Brewster raised an eyebrow, and Friday could tell he was not at all sure of what to say.
"Really?"
"Yeah,"
The smile replaced the grimace. "Good lord, how smashing! I adore The Police!"
The Secretary rolled her eyes, positive that she was going to have to intervene before the Detective got to talking about how poetic Sting was, and the shrine in his walk-in closet for everything that ever had to do with that particular member of the band. "Detective, we're here about Miss Swann, remember?" For all we know, she could have been dismembered and thrown into a ditch with all this time you're wasting...
Brewster's face fell slightly, his eyebrows lowering. "Oh," he said, sounding quite as though he were going to cry. "Oh. Right. Miss Swann." He turned to the nurse. "Did you see her?"
"Well, I didn't see her leave," the nurse replied. "But I did see her... I was attending to the man who had kidnapped her, and when I went in to change his bandage, she was in there with him..."
"Ah," said Brewster. "Provoking the blackguard, was she? Good Always Wins and whatnot?"
The nurse made a funny sort of face at the man in brown tweed, and said, "Uh... not exactly."
There was a little diner not too far from Desert Springs Hospital, and rather catch a taxi back to their hotel, where the two PI's found that they would be living on vending-machine M&M's and Coca-Cola, they decided to stop off there instead. Then, perhaps, they could discuss the information they had just received.
The Detective was much too shocked to discuss.

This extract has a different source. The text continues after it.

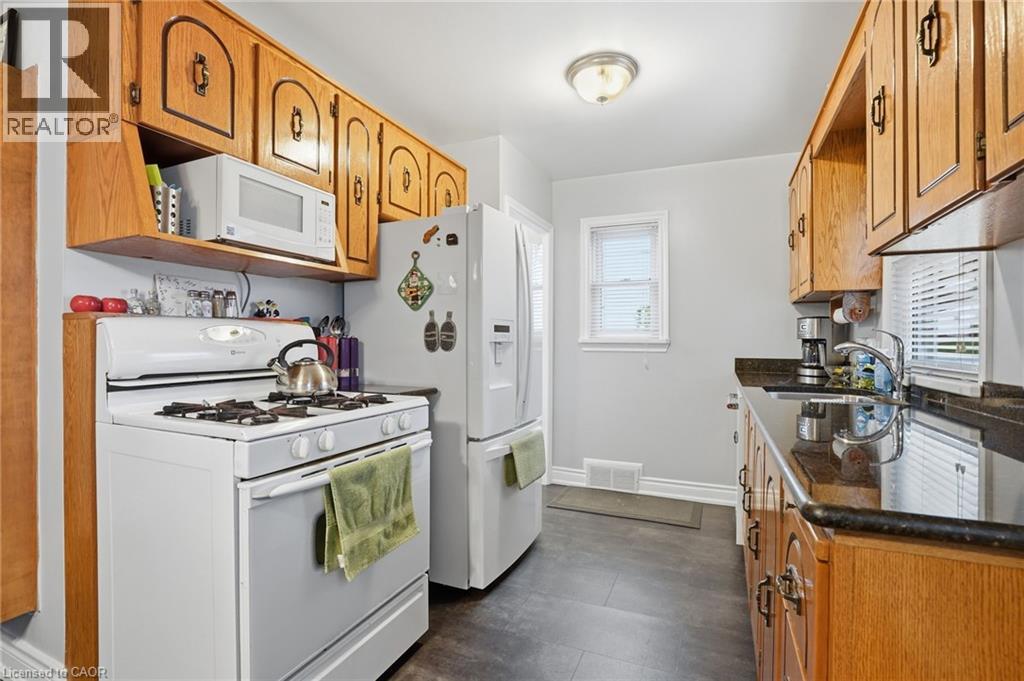 44 Lake Avenue N, Hamilton, Ontario  L8E 1L3 - Photo 10 - 40824730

"They were kissing?!" Brewster Ackerly-Tate looked helplessly at his assistant, who sat across the table from him, praying that she would have something to say in order to calm him down. She usually had one of her sarcastic retorts stored away -- where was one when he needed it?
"I must admit it's rather strange," Friday replied, staring blankly at her fingernails. "But this whole kidnap thing could have been some mangled love-affair all along. Perhaps she planned it with him, perhaps she didn't. Either way, the last time they were seen together, it was in a romantic situation, so there's a very good chance she's still alive."

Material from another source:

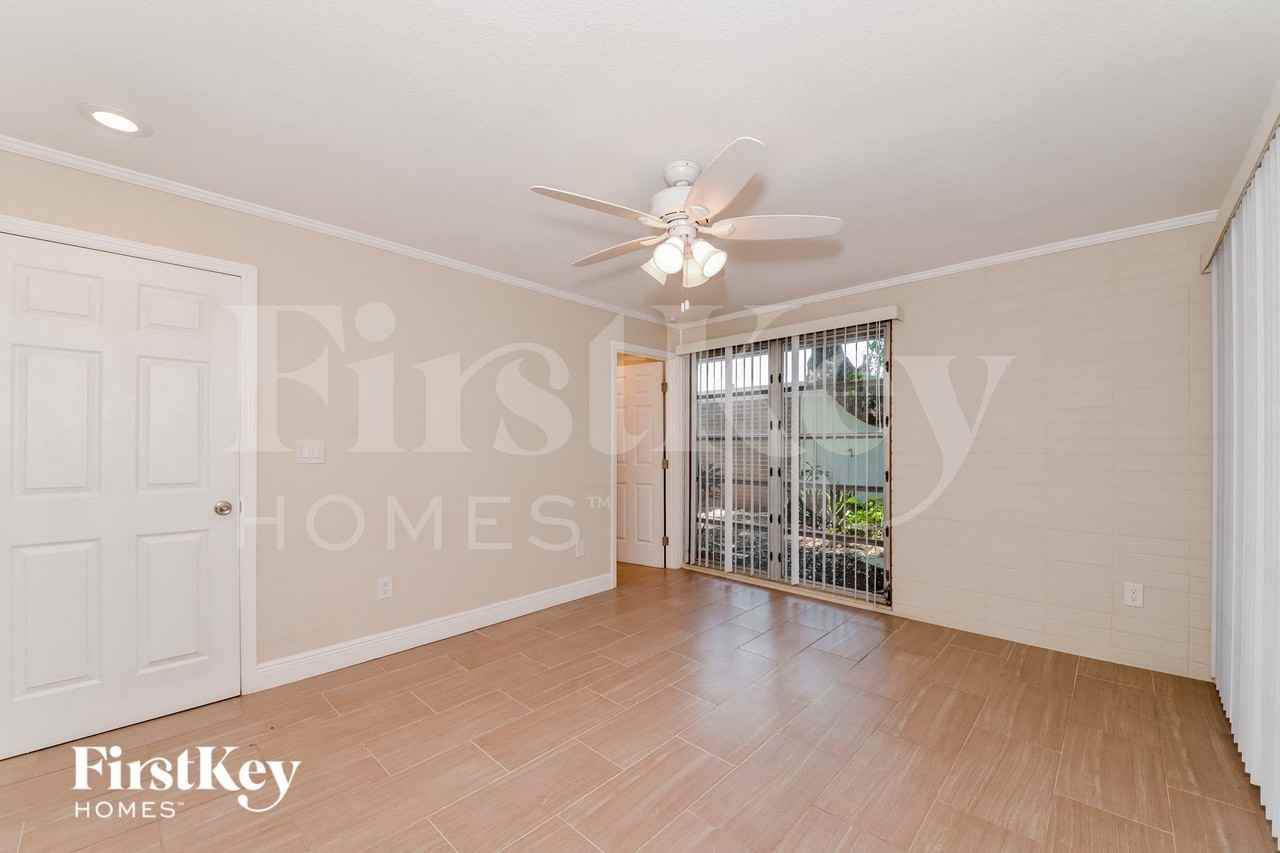 4108 15th Ave W - Photo 7 of 15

"I know, but..." Brewster shuddered at the thought of a nineteen year old girl with an old man like that Sparrow creature. "That would be like you kissing me!"
"There's not that big of an age difference with us," she said. "Twenty-six and thirty-eight is nothing when you put it against the twenty-one years between Miss Swann and Mr. Sparrow."
"Twenty-one years?!"
"Yes, Detective."
He shuddered. He knew people were strange, but this was just a teeny bit too much. What if the poor girl had been seduced? -- Oh, he didn't even want to think about that... Bad thoughts! BAD THOUGHTS! Go away bad thoughts, back to hell...
"...Detective?"
He looked up from the table, still trying to dismiss the bad thoughts whilst he replied to his secretary.
"Er... yes?"
"Things are what you make of them, you know," Friday said, brushing a strand of hair from her face. "So, instead of thinking how disturbing the victim's situation is, you could think that it might be easier to find them now."
Brewster raised an eyebrow, feeling all sorts of skeptical emotions welling up inside of him. "How will it be easier?" he asked. "Shall we ask people if they've seen any little girls snogging old men as of late?"
"No," she muttered. "I was thinking more along the lines of the fact that they'll be living together."